Tiba-tiba, raungan kera yang menggelegar terdengar di udara di atas kolam, dan dua dentuman keras terdengar saat cahaya menyilaukan di sana memudar, menampakkan dua tornado dan sosok hitam raksasa.
Sosok hitam raksasa itu dengan cepat melompat mundur dan muncul beberapa ratus kaki jauhnya dari lokasi asalnya, memperlihatkan dirinya sebagai seekor kera emas berlapis baja hitam setinggi lebih dari 100 kaki, yang memegang gunung biru dan gunung hitam di tangannya.
Dalam situasi genting itu, Han Li telah mengambil wujud Kera Gunung Raksasa, dan hanya dengan susah payah ia mampu lolos dari jerat benang hitam dengan mengandalkan kekuatan luar biasanya, pegunungan ekstrem, Petir Pembasmi Iblis Ilahi, dan Tubuh Emas Asal.
Meskipun begitu, baju zirah iblisnya saat ini dipenuhi dengan retakan tipis yang tak terhitung jumlahnya yang perlahan menutup sendiri.
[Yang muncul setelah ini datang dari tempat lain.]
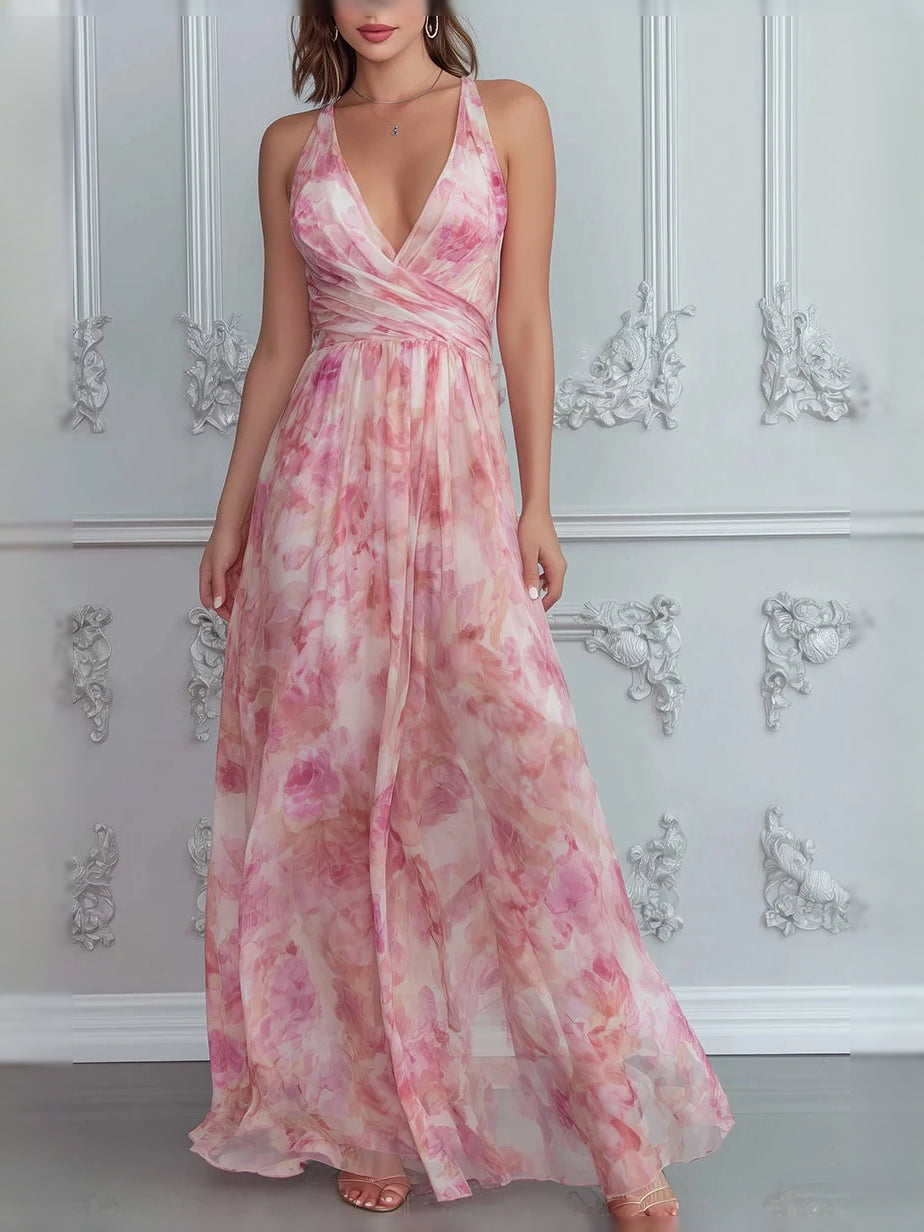 Dusty Pink floor-length bridesmaid dress, front view showing the a-line silhouette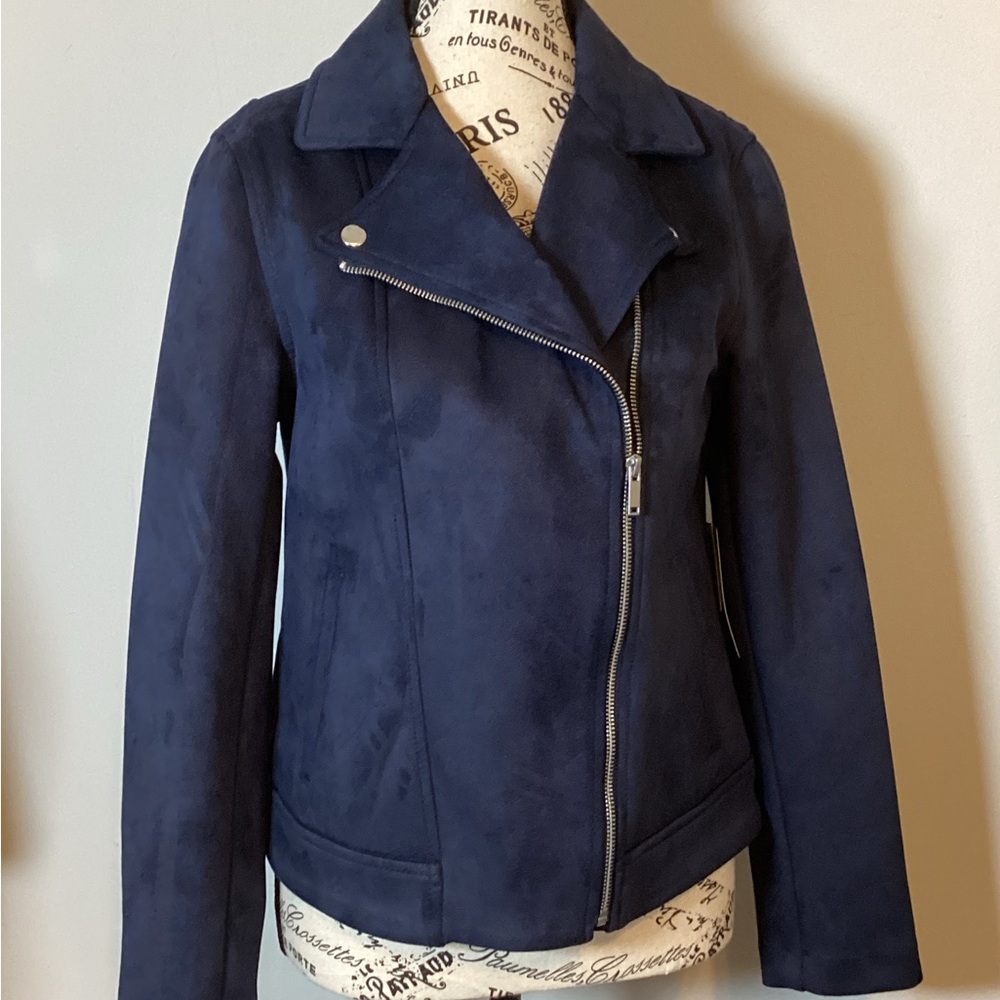 💙NWT 💙 OLD NAVY BLUE FAUX SUEDE FULL ZIP MOTO JACKET 2 FRONT POCKETS SIZE S/P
Selain itu, Han Li hanya berhasil lolos karena dia telah menggunakan Harta Karun Surgawi Sejati pada beberapa kesempatan sebelumnya, sehingga membuatnya cukup familiar dengan harta karun kaliber ini.
Seandainya kepala keluarga Long atau wanita dari keluarga Ye berada di tempatnya, meskipun mereka memiliki kemampuan yang sama, mereka tetap akan panik dan terbunuh.
“Sangat mengesankan! Sepertinya aku telah mengambil keputusan yang tepat untuk datang ke sini. Aku tidak hanya bertemu dengan Boneka Abadi Palsu, ini pertama kalinya aku melihat manusia yang mampu mengembangkan garis keturunan roh sejati hingga tingkat yang ekstrem. Kau memiliki lebih dari satu garis keturunan roh sejati di dalam tubuhmu, kan? Tunjukkan padaku kemampuan lain apa yang kau miliki. Jika tidak, aku akan melepaskan hampir setengah dari kekuatan Belati Iblis Hitamku dalam serangan berikutnya, dan akan sangat sulit bagimu untuk bertahan hidup. Adapun kalian berdua, menyerahlah untuk mencoba melarikan diri. Pulau ini dikenal sebagai Pulau Roh Pahit, dan lembah ini adalah Lembah Perangkap Roh; semua makhluk Alam Roh yang memasuki tempat ini ditakdirkan untuk dihancurkan,” pemuda berjubah hitam itu terkekeh sambil mengacungkan pedang hitam raksasanya.
“Saudara Long, Peri Ye, jika kita menggabungkan kekuatan kita, ada sedikit kemungkinan kita bisa selamat dari ini. Jika tidak, kita akan terpecah belah dan dikalahkan. Rekan Taois Bai, aku tidak tahu apa yang kau rencanakan, tetapi apakah kau benar-benar berpikir kau akan mampu bertahan dari cobaan ini sendirian?” kera emas itu meraung dengan suara menggelegar.
1. Tidak tahu kapan kuali itu tiba-tiba menjadi replika. Penulis sepertinya hanya menambahkan ini secara acak.